Thread: Deleting orphaned records (not exists is very slow)

Deleting orphaned records (not exists is very slow)

From

Tim Uckun

Date:

27 September 2010, 09:02:22

What is the best strategy for deleting orphaned records from a large table.

The usual NOT IN is very slow so there must be a better way in
postgres for dealing with these.

I know it's best not to have the orphans in the first place but in
this case it happened and I need to clean up before I can put in some
referential integrity.

Re: Deleting orphaned records (not exists is very slow)

From

Grzegorz Jaśkiewicz

Date:

27 September 2010, 12:16:21

prior to 8.4 not in will be slow. Just use left join.

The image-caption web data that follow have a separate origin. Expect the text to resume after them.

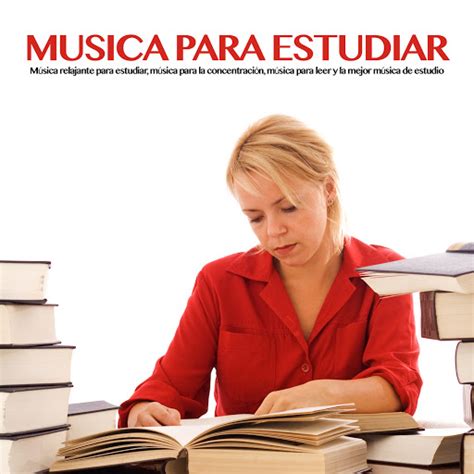 Musica Para Estudiar Musica Para Leer Youtube Music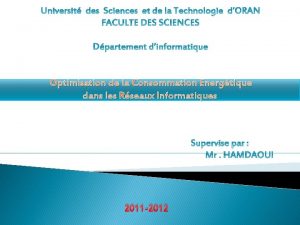 Optimisation de la Consommation Energtique dans les Rseaux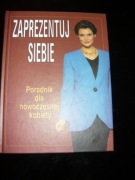 ZAPREZENTUJ SIEBIE PORADNIK DLA NOWOCZESNEJ KOBIET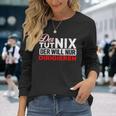 With Der Tut Nix Der Will Nur Conductor Motif Langarmshirts Geschenke für Sie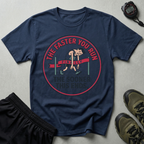 The Faster You Run The Sooner This Ends Gym T-Shirt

Re: Deleting orphaned records (not exists is very slow)

From

Michael Glaesemann

Date:

27 September 2010, 20:23:57

On Sep 27, 2010, at 8:02 , Tim Uckun wrote:

> What is the best strategy for deleting orphaned records from a large table.
>
> The usual NOT IN is very slow so there must be a better way in
> postgres for dealing with these.

If the table is large, I sometimes use the following pattern:

1. Create a trigger on the referenced table (foo) to delete rows from the
referencing table (bar) when they're deleted from the referenced table.
This is a poor man's ON DELETE CASCADE and prevents any more rows from being
orphaned.

2. Create a table with the keys of the referencing table which are no longer
in the referenced table:

CREATE TABLE orphaned_bar
SELECT keycol
  FROM bar
  LEFT JOIN foo USING (keycol)
  WHERE foo.keycol IS NULL;

keycol may be multiple columns if you've got a multi-column key.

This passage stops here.